Wole Soyinka, celebrated
Nigerian poet and playwright, commenting on the giant’s death, writes, “His works provide their enduring testimony to the
domination of the human spirit over the forces of repression, bigotry and
retrogression.
” His seminal work Things
Fall Apart (1958), which tells the tale of colonialism through a
distinct Nigerian-Igbo narrative voice, will continue to encourage many
generations to come that hope to read and write about Africa.
When Achebe speaks of
Africa, he speaks of it not as a land that became human once Europeans arrived,
but possibly one that became less human after. When asked the role of
the African writer, Achebe offers the following truths:
“African peoples did not
hear of culture for the first time from Europeans; their societies were not
mindless but frequently had a philosophy of great depth and value and beauty,
that they had poetry and, above all, they had dignity.
It is this dignity that
many African peoples all but lost in the colonial period, and it is this
dignity that they must now regain. The worst thing that can happen to any
people is the loss of their dignity and self-respect.
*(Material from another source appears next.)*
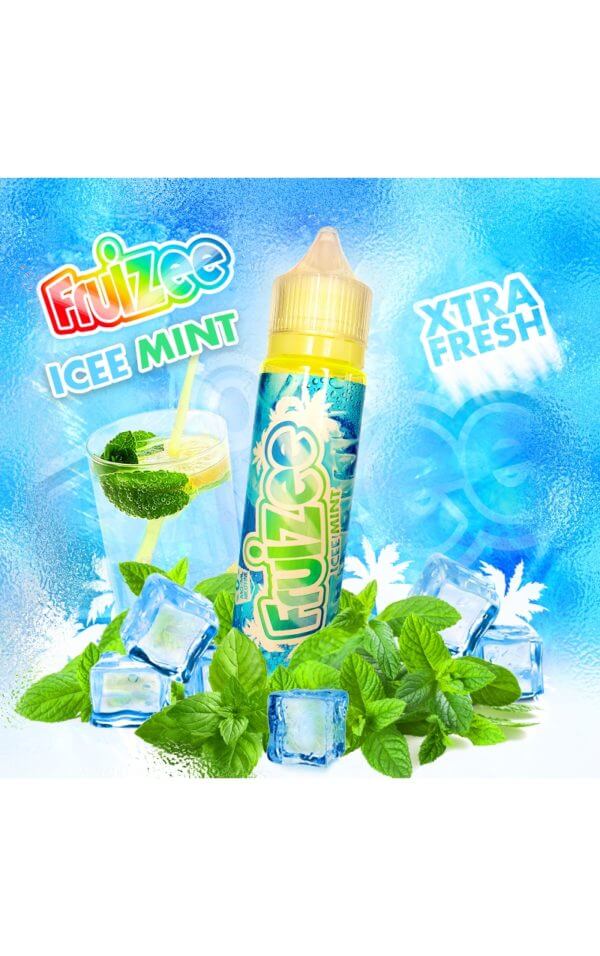 FRUIZEE - Icee Mint - Eliquid France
The writer’s duty is to
help them regain it by showing them in human terms what happened to them, what
they lost.
There is a saying in Ibo
that a man who can’t tell where the rain began to beat him cannot know where he
dried his body. The writer can tell the people where the rain began to beat
them.
After all the novelist’s
duty is not to beat this morning’s headline in topicality, it is to explore in
depth the human condition. In Africa he cannot perform this task unless he has
a proper sense of history.”
Achebe sought to inject
dignity where it had become barren. For the Igbo people of Nigeria, Africans throughout the
continent, and even those living in the Diaspora, he reminded us that we have a
history that outlives slavery and colonialism, and his reminder was
majestic.
Achebe hijacked the
language of his oppressors and used it to translate what had somehow become
lost in our native tongues.
He stole language,
re-seamed it, and made it into a brand new garment. Chimamanda Adichie, a
new African storyteller and author of Purple Hibiscus agrees.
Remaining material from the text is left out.